[[ Exercise data, beginning ]]
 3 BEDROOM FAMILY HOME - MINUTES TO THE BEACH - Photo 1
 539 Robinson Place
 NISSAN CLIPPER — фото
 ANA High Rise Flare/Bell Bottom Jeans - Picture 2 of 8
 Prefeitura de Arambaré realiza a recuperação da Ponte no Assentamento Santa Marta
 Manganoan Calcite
[[ Exercise data, end ]]
Copy out the material, keeping every line exactly as it is.

 3 BEDROOM FAMILY HOME - MINUTES TO THE BEACH - Photo 1
 539 Robinson Place
 NISSAN CLIPPER — фото
 ANA High Rise Flare/Bell Bottom Jeans - Picture 2 of 8
 Prefeitura de Arambaré realiza a recuperação da Ponte no Assentamento Santa Marta
 Manganoan Calcite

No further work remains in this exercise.